## [Given material]

##############################

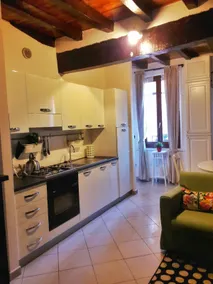 4 Color Residence, White Accommodation - Image 3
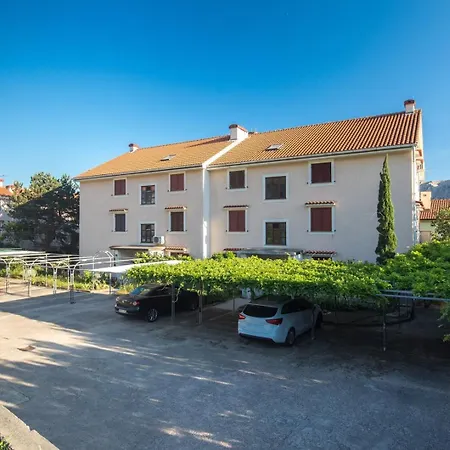 Glorija With Balcony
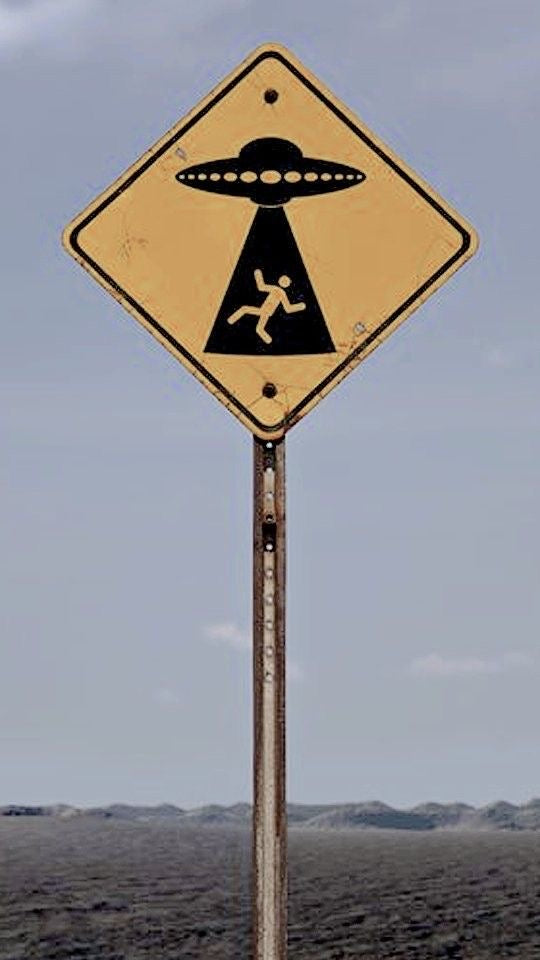 UFO custom traffic sign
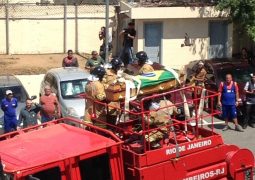 Sob aplausos, hino brasileiro e gritos de “Capita”, Torres é sepultado no Rio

##############################

## [Directions]
Repeat the listing exactly, minus its pictures.

## [Answer for this exercise]
 4 Color Residence, White Accommodation - Image 3
 Glorija With Balcony
 UFO custom traffic sign
 Sob aplausos, hino brasileiro e gritos de “Capita”, Torres é sepultado no Rio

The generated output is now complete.